100回の好きの行方
「深山、藤尾に分からないことがあれば聞いてくれ。」

 "わかりました"と頷く菜月だが、何だか浮かない顔をしている。不思議に思っていると、菜月が佐伯に話しかける。

「あの、課長。私、朝霧さんの案件したいです。」

「はぁっ!?」

 菜月のいきなりの訴えに、尚志があからさまに怪訝な顔をし、声をだす。

「フラワーシリーズをえらく気に入っているクライアントだし、向こうの指名だから、それは無理だな。」

 菜月の申し出を、はっきり断る佐伯も呆れ顔である。

「これは朝霧さんのためなんですよ?篤斗にフラれて、一緒に仕事するのも嫌なはずだし、私のデザインは、私のこと一番よく分かってる篤斗に営業して欲しいですもん!」

「指命のものを別の人にお願いするときは、こちらで判断した時だけだ。

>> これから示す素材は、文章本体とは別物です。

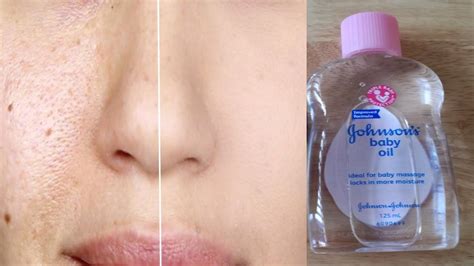 How Can You Use Does Baby Oil Help Dry Skin Effectively?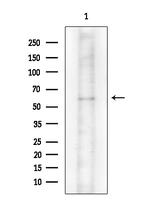 Phospho-PKR (Thr446) Antibody in Western Blot (WB)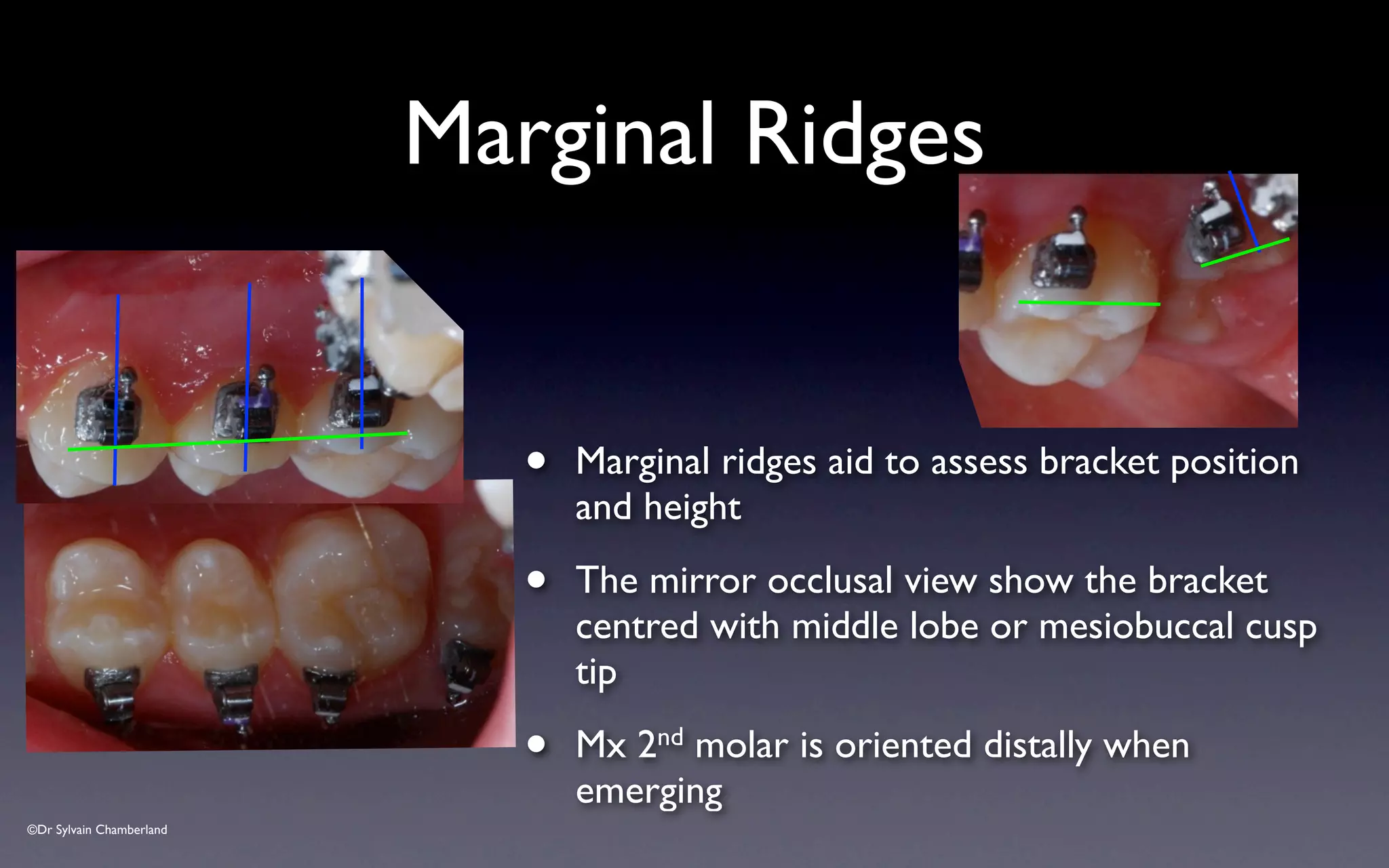 ©Dr Sylvain Chamberland
• Marginal ridges aid to assess bracket position
and height
• The mirror occlusal view show the bracket
centred with middle lobe or mesiobuccal cusp
tip
• Mx 2nd molar is oriented distally when
emerging
Marginal Ridges
 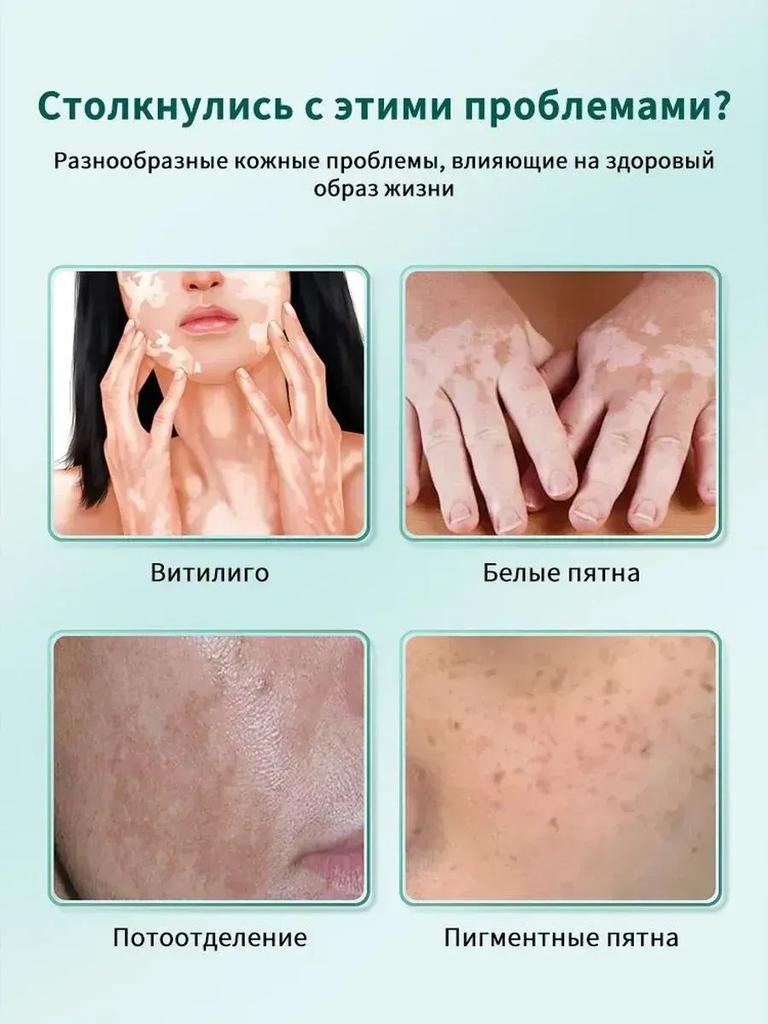 Ointment for vitiligo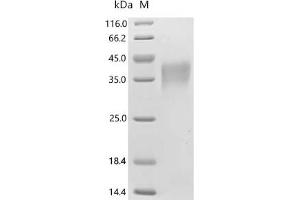 Triggering Receptor Expressed On Myeloid Cells 1 (TREM1) (AA 21-200) protein (His tag)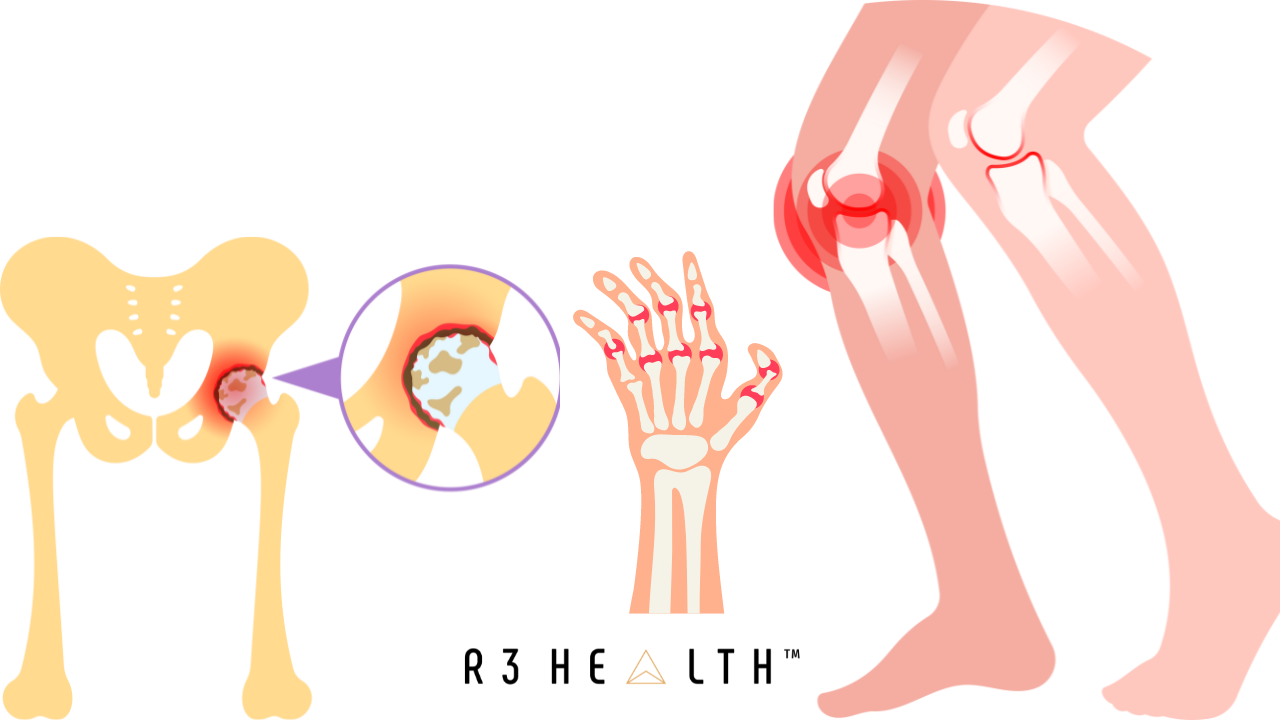 Osteoarthritis is inflammation and degeneration in the joints.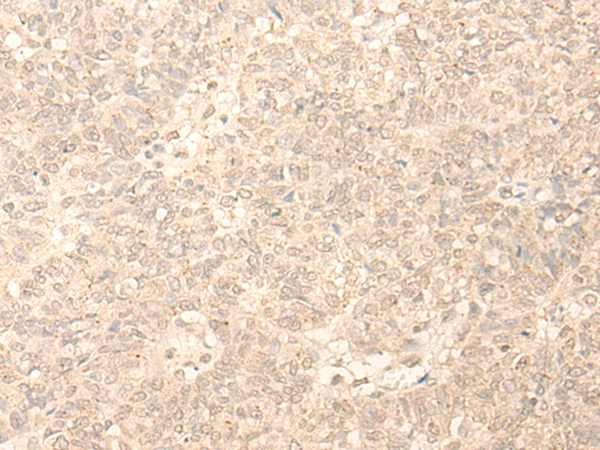Rabbit Polyclonal Antibody to PLEKHA1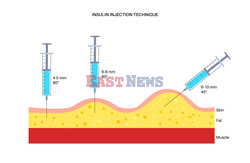 SPL RF Sep 2022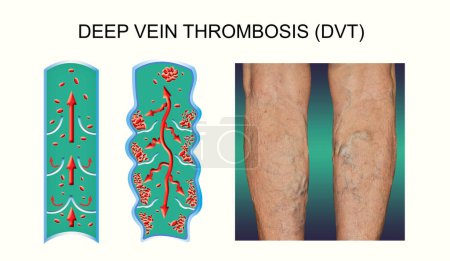 Photo for Deep Vein Thrombosis or Blood Clots. Embolus. Structure of normal and varicose female veins - Royalty Free Image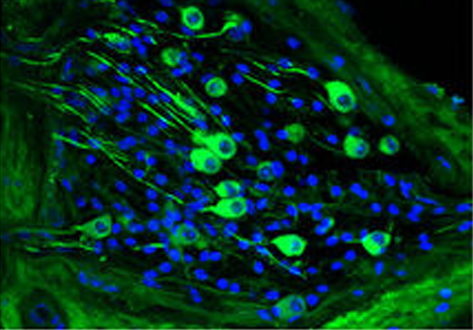 Chronic cigarette smoke exposure drives spiral ganglion neuron loss in mice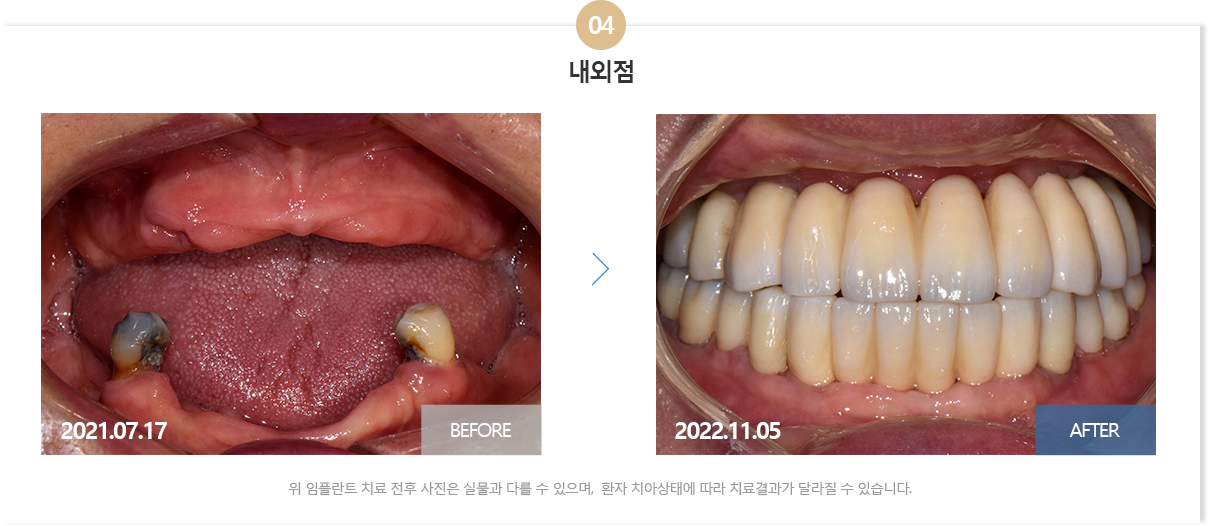 뉴욕치과병원
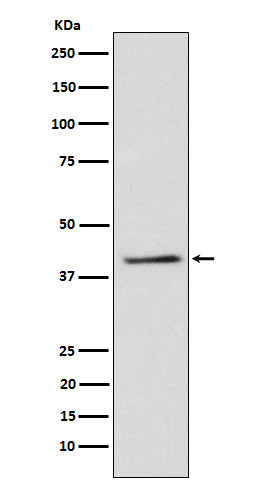 TRIB3 (4E15) Rabbit Monoclonal Antibody
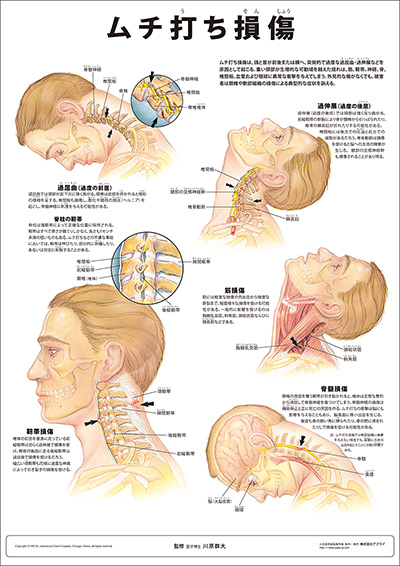人体解剖図（人体図）　ミニポスター　ムチ打ち損傷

」

「でも、フラワーシリーズを気に入ってるからって、私がデザインしても朝霧さんがデザインしても、大差ないと思うんですけど……。だって朝霧さんが目の前でデザインするわけじゃないでしょ?」

 この台詞に、その場のみんなが唖然とする。新人の二人もびっくりしたような顔で菜月を見ている。

 佐伯が口を開こうとするが、その声を篤斗が遮った。